Time-series forecasting is a long-standing problem in machine learning, and it remains as a sequence to sequence prediction paradigm. Recent works on the Transformer have revealed that the self-attention mechanism improves the sequence alignment performance and easily handles massive input sequences in Natural Language Processing. Inspired by this, we proposed a Long Term Time-series Transformer (LT^3) targeting the long term sequences' prediction. Our model has three distinctive characteristics:

  • Uniform inputs representation, a scaled combination of the scalar projection and time-stamp embeddings,  provides a way to measure quantity change and temporal shift simultaneously;

  • Self-attention distilling, a conv-maxpool operation halving cascading layer inputs, privileges dominating attention compositions and sharply reduces the size of network;

  • Dependency pyramid, subsequently truncated self-attention stacks at cross-scale, allows the encoder to fetch a diversified resolution of self-attention feature map.

Generalized Zero-Shot Learning

  • Generalized zero-shot learning (GZSL) is a challenging class of vision and knowledge transfer problems in which both seen and unseen classes appear during testing.
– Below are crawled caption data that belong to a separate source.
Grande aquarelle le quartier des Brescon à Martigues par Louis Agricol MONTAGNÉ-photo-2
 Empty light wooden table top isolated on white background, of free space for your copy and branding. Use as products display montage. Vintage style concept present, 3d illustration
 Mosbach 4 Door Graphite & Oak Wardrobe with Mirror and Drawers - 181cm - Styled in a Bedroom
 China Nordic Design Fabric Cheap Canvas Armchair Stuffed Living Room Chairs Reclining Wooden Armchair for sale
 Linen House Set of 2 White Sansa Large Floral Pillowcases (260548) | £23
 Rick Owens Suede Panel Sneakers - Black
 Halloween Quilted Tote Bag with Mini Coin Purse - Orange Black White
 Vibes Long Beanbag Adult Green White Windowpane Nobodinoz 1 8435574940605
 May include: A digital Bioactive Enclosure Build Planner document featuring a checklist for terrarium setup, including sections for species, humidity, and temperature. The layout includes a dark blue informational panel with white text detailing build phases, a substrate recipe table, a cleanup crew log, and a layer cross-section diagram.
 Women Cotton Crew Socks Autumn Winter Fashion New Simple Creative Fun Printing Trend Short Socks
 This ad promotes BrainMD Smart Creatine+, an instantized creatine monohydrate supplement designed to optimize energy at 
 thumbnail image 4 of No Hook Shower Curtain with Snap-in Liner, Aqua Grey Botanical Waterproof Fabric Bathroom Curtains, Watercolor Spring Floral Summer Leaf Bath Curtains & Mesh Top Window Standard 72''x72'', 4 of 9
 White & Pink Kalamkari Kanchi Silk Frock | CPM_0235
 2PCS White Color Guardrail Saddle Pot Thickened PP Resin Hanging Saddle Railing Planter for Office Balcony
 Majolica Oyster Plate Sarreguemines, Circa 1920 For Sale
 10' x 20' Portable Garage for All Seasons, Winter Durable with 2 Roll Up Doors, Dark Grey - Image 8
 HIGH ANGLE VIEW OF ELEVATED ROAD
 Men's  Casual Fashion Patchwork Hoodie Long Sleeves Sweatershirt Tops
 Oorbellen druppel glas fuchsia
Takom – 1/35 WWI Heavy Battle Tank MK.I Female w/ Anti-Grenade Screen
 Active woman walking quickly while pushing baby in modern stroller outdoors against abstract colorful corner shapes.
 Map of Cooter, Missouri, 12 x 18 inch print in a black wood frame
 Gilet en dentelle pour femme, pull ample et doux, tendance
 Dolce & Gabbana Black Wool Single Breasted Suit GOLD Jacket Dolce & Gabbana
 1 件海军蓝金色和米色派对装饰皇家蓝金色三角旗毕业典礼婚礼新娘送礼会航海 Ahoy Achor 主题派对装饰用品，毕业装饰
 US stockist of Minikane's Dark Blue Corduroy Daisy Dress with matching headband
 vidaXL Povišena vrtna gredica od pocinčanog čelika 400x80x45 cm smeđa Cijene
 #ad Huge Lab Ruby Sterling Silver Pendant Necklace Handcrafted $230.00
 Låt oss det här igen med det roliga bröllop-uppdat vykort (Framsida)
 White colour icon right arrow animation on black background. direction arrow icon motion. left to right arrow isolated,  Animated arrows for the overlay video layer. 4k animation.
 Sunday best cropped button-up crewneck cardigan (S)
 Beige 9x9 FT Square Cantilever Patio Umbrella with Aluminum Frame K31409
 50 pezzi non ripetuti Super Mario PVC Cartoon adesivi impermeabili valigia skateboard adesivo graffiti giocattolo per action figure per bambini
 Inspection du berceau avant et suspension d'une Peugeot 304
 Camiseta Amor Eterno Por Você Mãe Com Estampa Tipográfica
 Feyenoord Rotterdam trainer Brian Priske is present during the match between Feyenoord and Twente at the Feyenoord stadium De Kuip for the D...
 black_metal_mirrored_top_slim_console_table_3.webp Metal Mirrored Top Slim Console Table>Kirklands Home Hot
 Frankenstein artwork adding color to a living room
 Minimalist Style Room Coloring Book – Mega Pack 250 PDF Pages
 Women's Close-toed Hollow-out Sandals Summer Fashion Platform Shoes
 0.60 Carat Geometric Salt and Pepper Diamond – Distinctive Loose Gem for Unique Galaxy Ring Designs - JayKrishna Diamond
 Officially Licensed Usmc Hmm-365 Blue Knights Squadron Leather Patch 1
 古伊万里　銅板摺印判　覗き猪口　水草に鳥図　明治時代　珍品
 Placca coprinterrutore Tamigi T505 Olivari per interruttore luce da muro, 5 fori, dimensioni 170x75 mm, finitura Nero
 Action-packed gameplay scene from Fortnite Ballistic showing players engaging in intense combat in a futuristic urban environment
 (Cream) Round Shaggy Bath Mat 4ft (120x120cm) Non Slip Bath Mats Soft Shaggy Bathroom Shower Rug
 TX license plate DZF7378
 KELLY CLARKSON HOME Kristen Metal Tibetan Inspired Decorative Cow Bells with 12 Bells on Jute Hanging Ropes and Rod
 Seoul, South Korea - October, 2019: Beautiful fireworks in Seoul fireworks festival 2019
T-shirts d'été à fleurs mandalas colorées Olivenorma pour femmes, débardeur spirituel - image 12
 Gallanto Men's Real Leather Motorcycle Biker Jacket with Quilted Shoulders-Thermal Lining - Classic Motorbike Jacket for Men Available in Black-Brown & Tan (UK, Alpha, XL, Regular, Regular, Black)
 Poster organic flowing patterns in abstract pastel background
We propose the Dual Adversarial Semantics-Consistent Network (DASCN), which learns primal and dual Generative Adversarial Networks (GANs) in a unified framework for GZSL. In particular, the primal GAN learns to synthesize inter-class discriminative and semantics-preserving visual features from both the semantic representations of seen/unseen classes and the ones reconstructed by the dual GAN. The dual GAN enforces the synthetic visual features to represent prior semantic knowledge well via semantics-consistent adversarial learning.

  • Generalized zero-shot learning for ICD coding, which is essentially the multi-label classification with structural label space.

Understand photo blurs with salient objects segmentation

  • Generate spatially-variant blur responses using fully convolutional neural networks.

  • Understand if such responses are undesired by distilling higher-level image semantics: Learn salient object segmentation map and content feature map to localize important content in the images. 

Deep learning based Environment Understanding for Autonomous Driving

  • Design deep convolutional neural network (DCNN) to detect and understand obstacles around driving vehicles.

  • Hierarchical feature extractor to adapt the network particularly to autonomous driving without overfitting.

  • Finalist Awards for Qualcomm Innovation Fellowship (35 outside 146 teams from Engineering Top 10 Univerisities in U.S.)

Deep Understanding of Urban Traffic from Large-Scale City Cameras

I develop a deep multi-task model to jointly estimate vehicle density, segment foreground and detect vehicles based on fully convolution networks to overcome the challenges of web camera data. Multi-domain adaptation mechanism is explored to adapt the deep model to different cameras and environmental conditions. Filters in each convolution layer are dynamically generated to learn different camera perspectives. Deep spatio-temporal networks are developed to incorporate the temporal information of traffic flow.

Learning deep features for multi-modal inference with robotic data

Develop a multi-task learning scheme based on neural networks for robot action prediction, which is very important step for autonomous robots design.

Develop a Convolutional Variational Auto-Encoder to generate features of percepted images for the robot action prediction, which is capable of capturing the useful statistics of robot actions without requiring large-scale training samples or hand-engineered features.